- _What the exercise asks_
Look below for the line with "Baymont by Wyndham Monte Vista"; begin the copy there and stop after the line with "7600 Earldom Ave, Playa", keeping the text exact and the pictures out.

- _Supplied records_
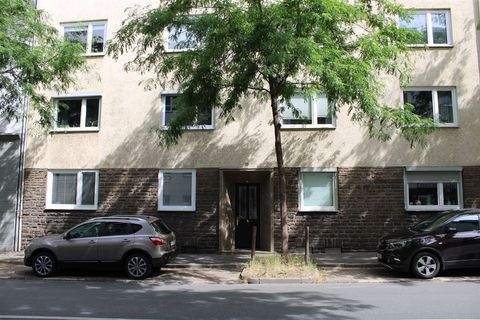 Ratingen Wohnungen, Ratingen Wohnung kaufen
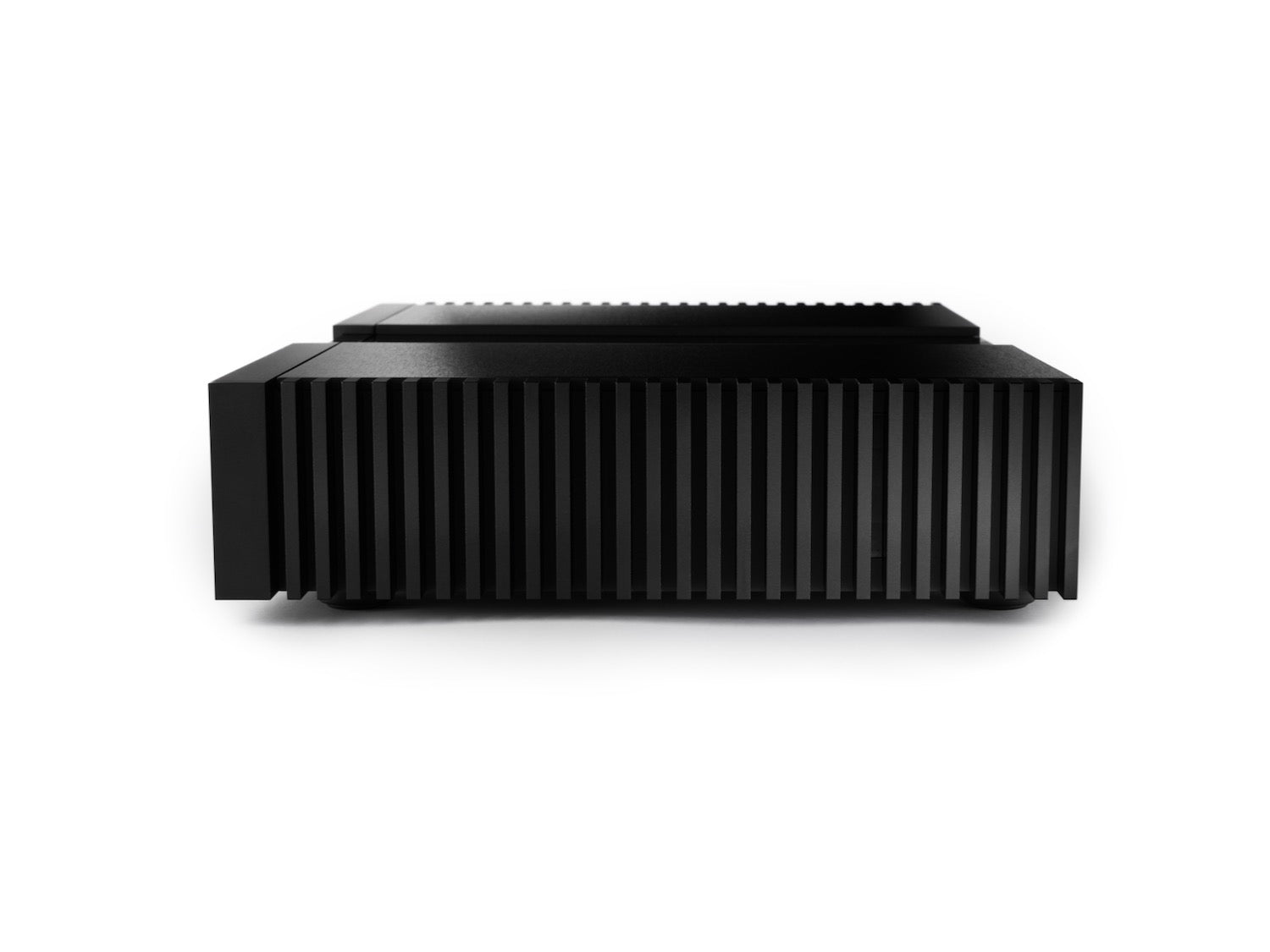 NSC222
---
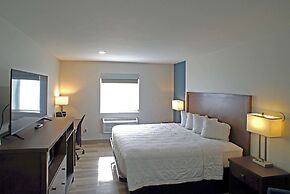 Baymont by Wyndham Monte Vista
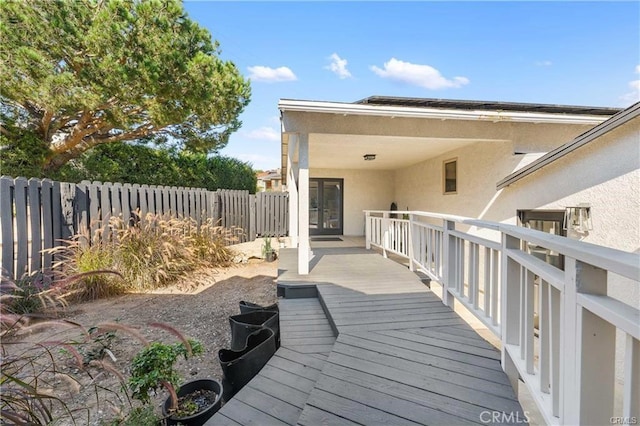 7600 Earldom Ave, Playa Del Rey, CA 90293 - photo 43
==
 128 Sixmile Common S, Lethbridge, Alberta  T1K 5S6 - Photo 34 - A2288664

- _Task answer_
 Baymont by Wyndham Monte Vista
 7600 Earldom Ave, Playa Del Rey, CA 90293 - photo 43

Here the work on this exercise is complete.